According to Dr Mithika Mwenda, the executive director for the Pan Africa Climate Justice Alliance, the UN Framework Convention on Climate Change (UNFCCC) and the global community must create highly accessible climate financing for such communities in the frontline of the climate crisis.
“There is also an urgent need to advance the implementation of climate response measures that enable Africa to address its climate challenges as a special needs and circumstances region,” said Dr Mwenda.
This comes at a time when the Horn of Africa region is facing its worst drought in more than 40 years despite the floods in Uganda.
According to a new report released by the UN Office for the Coordination of Humanitarian Affairs, Kenya is among the countries in the region that are facing the most prolonged drought in recent history.
“Across the Horn of Africa, at least 36.1 million people have now been affected by the drought which began in October 2020, including 24.1 million in Ethiopia, 7.8 million in Somalia and 4.2 million in Kenya,” reads part of the report.
Ahead of COP27, the activists in Libreville are calling for establishment of a loss and damage financing facility, which resonates with the recent messaging of developing countries during the technical process in preparation for the Egypt climate summit in November.
“Full operationalisation of the Santiago Network on Loss and Damage at COP27 is critical,” said Munir Akram, Pakistan’s ambassador to the UN and the current chair of the 134 member states that form the G-77 and China.
The “Santiago Network on Loss and Damage” is an initiative launched by the UNFCCC to connect vulnerable developing countries with providers of technical assistance, knowledge and the resources they need to address climate risks comprehensively in the context of averting, minimising and addressing loss and damage.

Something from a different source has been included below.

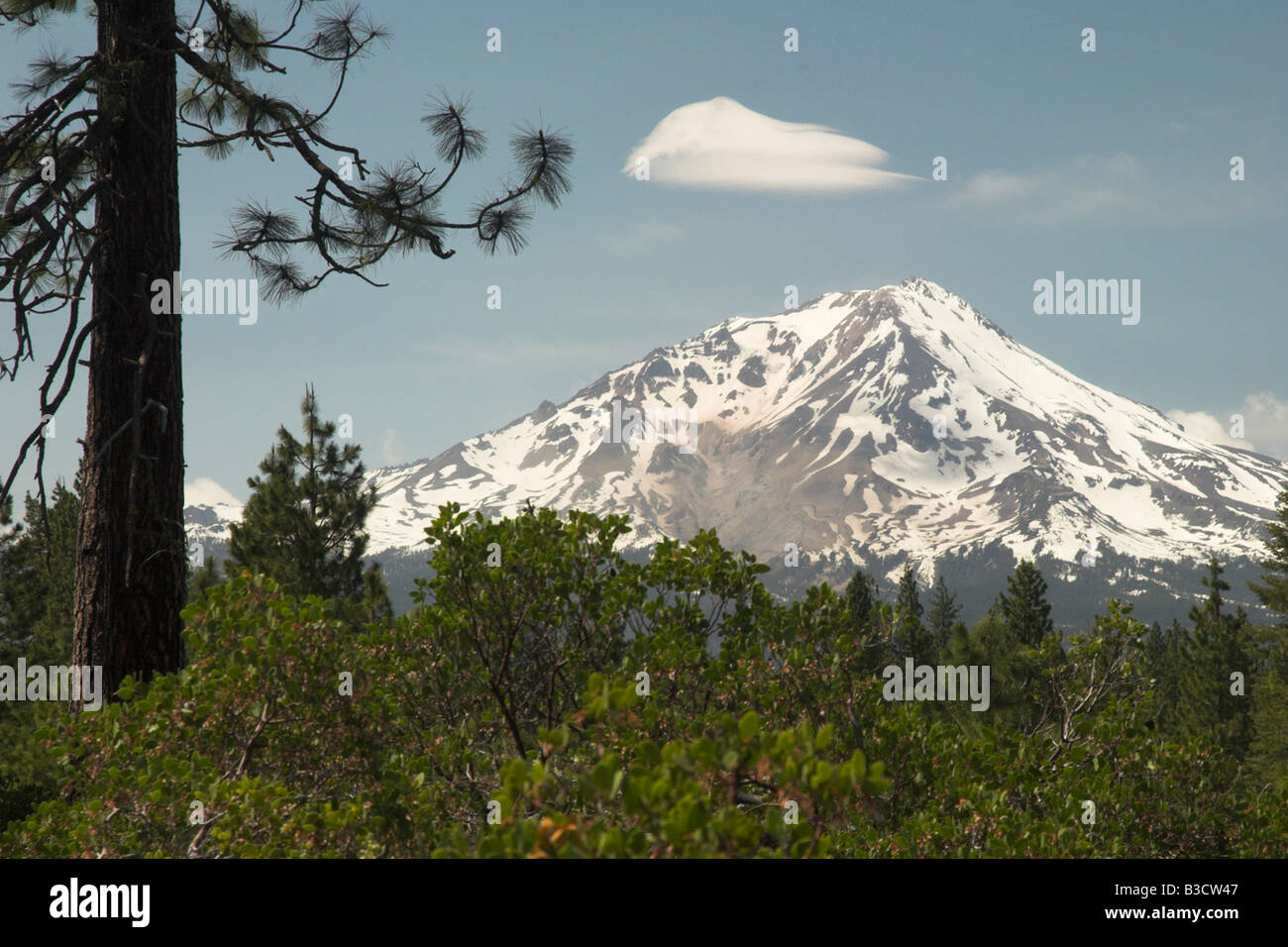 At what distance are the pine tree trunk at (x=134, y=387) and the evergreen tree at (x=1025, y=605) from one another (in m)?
54.1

Apart from perennial floods and droughts that have always devastated particularly the northern parts of Kenya and Uganda, lakes in Kenya’s Great Rift region have slowly been rising, thereby displacing thousands of households and causing substantial losses to the economy, land, and livelihoods.
According to a study conducted by the UN Environment Programme in collaboration with Kenyatta University, the rising water levels of the Rift Valley Lakes, Turkwel Gorge Dam, and Lake Victoria, is due to hydro-meteorological variables due to climate change that have led to increased moisture availability as seen in the rainfall data and discharge of the rivers feeding the lakes.
The study shows that the increasing water levels are now changing the composition of lake water, thus affecting biodiversity.
“This is manifested in the reduced number of flamingos who feed on algae whose growth has been affected by the change in alkalinity of the lake waters,” reads part of the study.
Government data shows that approximately 75,987 households have been displaced in the 13 affected counties with a total population of 379,935 requiring urgent humanitarian assistance.
The affected communities have endured disruptions to their livelihoods.
They have lost assets such as homes, grazing lands and farming fields which have been destroyed or marooned by the floods.
The rising waters levels have destroyed social amenities, forcing many to use boat transport to access services across flooded areas.
“We need a finance facility to cushion all these communities from these kinds of vulnerabilities, and also assist those who have already lost their property to find alternative livelihoods,” said Mr Kilonzo.